» **What to do**
What you return should match the data exactly, from the first line to the last.

» **Source data**
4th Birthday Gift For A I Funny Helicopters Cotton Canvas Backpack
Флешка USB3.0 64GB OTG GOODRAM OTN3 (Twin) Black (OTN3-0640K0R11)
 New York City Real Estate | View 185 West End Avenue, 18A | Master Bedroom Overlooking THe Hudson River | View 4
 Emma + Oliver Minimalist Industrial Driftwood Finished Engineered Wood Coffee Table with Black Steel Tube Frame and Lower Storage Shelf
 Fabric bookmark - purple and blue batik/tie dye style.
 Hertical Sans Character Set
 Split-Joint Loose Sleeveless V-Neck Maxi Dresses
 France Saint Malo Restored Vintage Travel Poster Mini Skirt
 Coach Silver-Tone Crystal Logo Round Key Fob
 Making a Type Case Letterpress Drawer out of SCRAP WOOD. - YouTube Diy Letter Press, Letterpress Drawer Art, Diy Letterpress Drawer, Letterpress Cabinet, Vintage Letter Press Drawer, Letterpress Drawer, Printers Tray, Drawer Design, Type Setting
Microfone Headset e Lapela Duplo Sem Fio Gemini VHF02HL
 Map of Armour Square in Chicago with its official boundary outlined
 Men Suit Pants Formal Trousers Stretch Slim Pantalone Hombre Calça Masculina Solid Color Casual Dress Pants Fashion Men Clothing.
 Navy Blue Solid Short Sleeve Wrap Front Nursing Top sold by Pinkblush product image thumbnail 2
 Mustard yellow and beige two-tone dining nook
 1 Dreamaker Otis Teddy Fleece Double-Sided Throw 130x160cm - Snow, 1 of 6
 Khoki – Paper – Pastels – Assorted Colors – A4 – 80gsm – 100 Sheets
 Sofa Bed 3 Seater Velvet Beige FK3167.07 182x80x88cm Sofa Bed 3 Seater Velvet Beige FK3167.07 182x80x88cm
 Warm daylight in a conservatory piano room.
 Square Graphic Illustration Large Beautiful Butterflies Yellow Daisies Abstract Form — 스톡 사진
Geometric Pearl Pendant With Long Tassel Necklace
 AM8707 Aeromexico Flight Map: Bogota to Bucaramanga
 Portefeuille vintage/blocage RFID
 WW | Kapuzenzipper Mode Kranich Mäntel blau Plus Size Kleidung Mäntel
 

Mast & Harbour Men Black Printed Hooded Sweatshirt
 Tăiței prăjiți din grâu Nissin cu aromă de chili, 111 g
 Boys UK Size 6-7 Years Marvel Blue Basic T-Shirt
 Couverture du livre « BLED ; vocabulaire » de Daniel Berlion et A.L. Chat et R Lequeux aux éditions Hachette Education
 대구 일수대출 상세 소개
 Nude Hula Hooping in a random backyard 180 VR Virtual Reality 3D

» **Exercise answer**
4th Birthday Gift For A I Funny Helicopters Cotton Canvas Backpack
Флешка USB3.0 64GB OTG GOODRAM OTN3 (Twin) Black (OTN3-0640K0R11)
 New York City Real Estate | View 185 West End Avenue, 18A | Master Bedroom Overlooking THe Hudson River | View 4
 Emma + Oliver Minimalist Industrial Driftwood Finished Engineered Wood Coffee Table with Black Steel Tube Frame and Lower Storage Shelf
 Fabric bookmark - purple and blue batik/tie dye style.
 Hertical Sans Character Set
 Split-Joint Loose Sleeveless V-Neck Maxi Dresses
 France Saint Malo Restored Vintage Travel Poster Mini Skirt
 Coach Silver-Tone Crystal Logo Round Key Fob
 Making a Type Case Letterpress Drawer out of SCRAP WOOD. - YouTube Diy Letter Press, Letterpress Drawer Art, Diy Letterpress Drawer, Letterpress Cabinet, Vintage Letter Press Drawer, Letterpress Drawer, Printers Tray, Drawer Design, Type Setting
Microfone Headset e Lapela Duplo Sem Fio Gemini VHF02HL
 Map of Armour Square in Chicago with its official boundary outlined
 Men Suit Pants Formal Trousers Stretch Slim Pantalone Hombre Calça Masculina Solid Color Casual Dress Pants Fashion Men Clothing.
 Navy Blue Solid Short Sleeve Wrap Front Nursing Top sold by Pinkblush product image thumbnail 2
 Mustard yellow and beige two-tone dining nook
 1 Dreamaker Otis Teddy Fleece Double-Sided Throw 130x160cm - Snow, 1 of 6
 Khoki – Paper – Pastels – Assorted Colors – A4 – 80gsm – 100 Sheets
 Sofa Bed 3 Seater Velvet Beige FK3167.07 182x80x88cm Sofa Bed 3 Seater Velvet Beige FK3167.07 182x80x88cm
 Warm daylight in a conservatory piano room.
 Square Graphic Illustration Large Beautiful Butterflies Yellow Daisies Abstract Form — 스톡 사진
Geometric Pearl Pendant With Long Tassel Necklace
 AM8707 Aeromexico Flight Map: Bogota to Bucaramanga
 Portefeuille vintage/blocage RFID
 WW | Kapuzenzipper Mode Kranich Mäntel blau Plus Size Kleidung Mäntel
 

Mast & Harbour Men Black Printed Hooded Sweatshirt
 Tăiței prăjiți din grâu Nissin cu aromă de chili, 111 g
 Boys UK Size 6-7 Years Marvel Blue Basic T-Shirt
 Couverture du livre « BLED ; vocabulaire » de Daniel Berlion et A.L. Chat et R Lequeux aux éditions Hachette Education
 대구 일수대출 상세 소개
 Nude Hula Hooping in a random backyard 180 VR Virtual Reality 3D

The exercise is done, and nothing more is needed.